Mr Gaddafi, aged 30, was signed by Serie-A side Perugia at the start of the season in a blaze of publicity, as the first son of a foreign head of state to play football professionally in Europe.

But he has yet to make it onto the pitch. His debut was delayed first because of a problem with registering his contract, and subsequently due to a back injury. Last month Perugia said Gaddafi could not play because he was a member of the board of directors of a rival Serie-A side, Juventus. He resigned from Juventus, but was still stuck on the bench. Now he may be out of action for many months, depending on what action the Italian Football League chooses to take. Players in Italy are selected for drug testing at random, regardless of whether or not they have played.

Luciano Gaucci, the flamboyant president of Perugia, blamed foreign doctors for the test results.

"The player had back problems," he said, "and for months he has been going to Germany to be treated by a doctor there. Basically the news [of the positive result] is not a surprise. It's not a secret that certain medicines contain substances that are forbidden for players. But he deserves a prize for all the work he has put in, and he wants to remain close to the team. He is not to blame at all, he is like an innocent in our society. We told him to get himself treated in Italy, and we were ready to advise him. But he preferred to go abroad."
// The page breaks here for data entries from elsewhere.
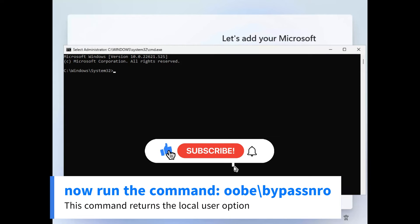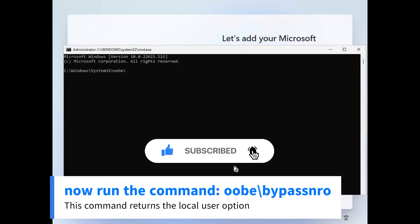Now run the command oobe backslash bypassnro. This command returns the local user option.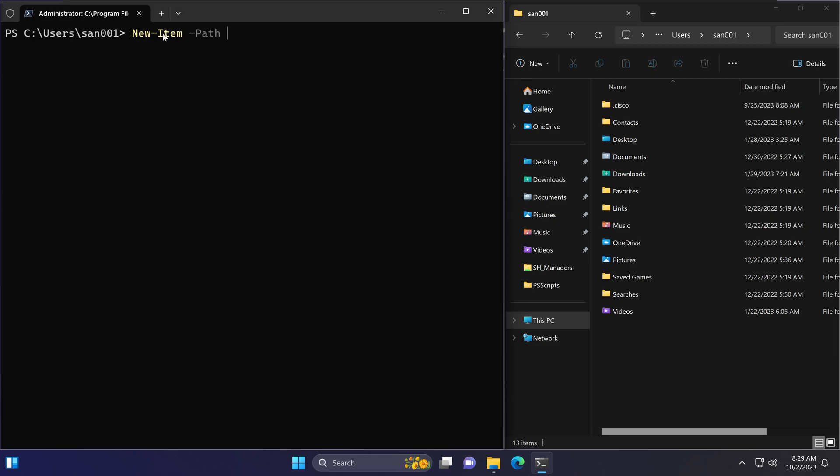Now let's look at how to create a file. It's the same New-Item cmdlet. To create a file, you can specify the file type by including the extension in the name, for example .txt.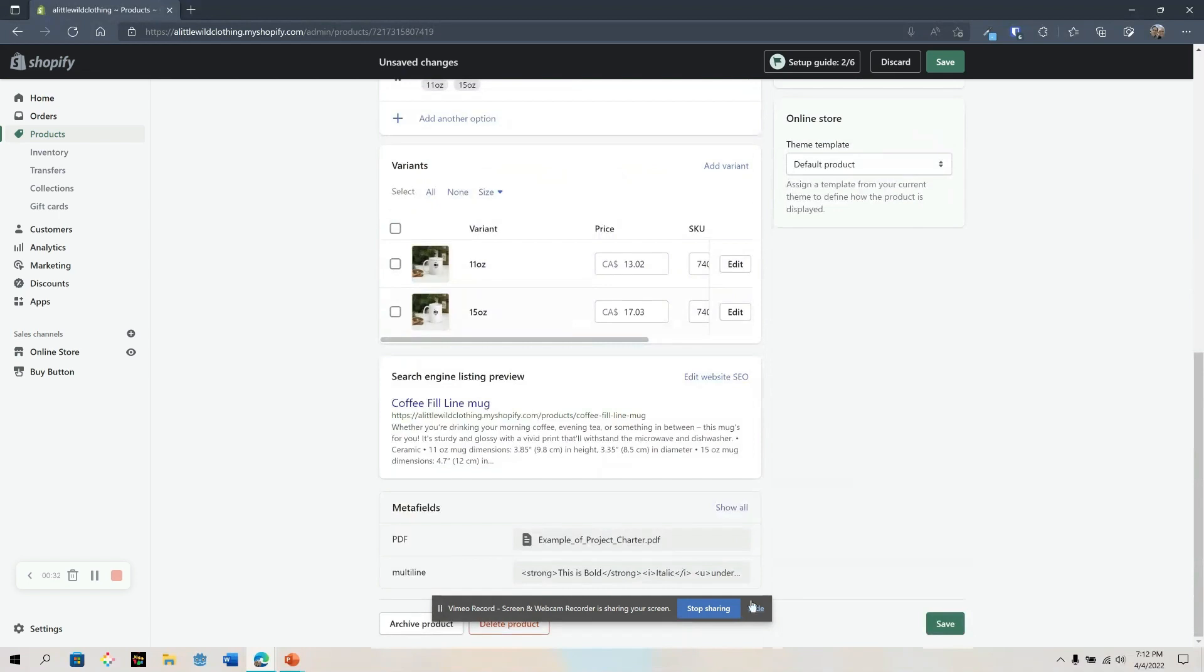The first way is to add a meta field. Now the downside to a meta field is that this can only be displayed in a certain way using code.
Mr Gaddafi was not available for comment.

Mr Gaucci said he had not spoken to the player since the result was announced, though he had had words with some Libyan government officials.

"They think it's all being done to create a scandal," he said. "I calmed them down, because the Italian football league wouldn't have any reason to do something like that."

Mr Gaddafi is only the latest in a string of sensational signings to Perugia by Mr Gaucci, who is also a prominent race-horse owner.

He was the first to bring Japanese, Korean, Iranian and African players to Italy. His most recent and controversial idea was to find a woman to play in his otherwise all- male team.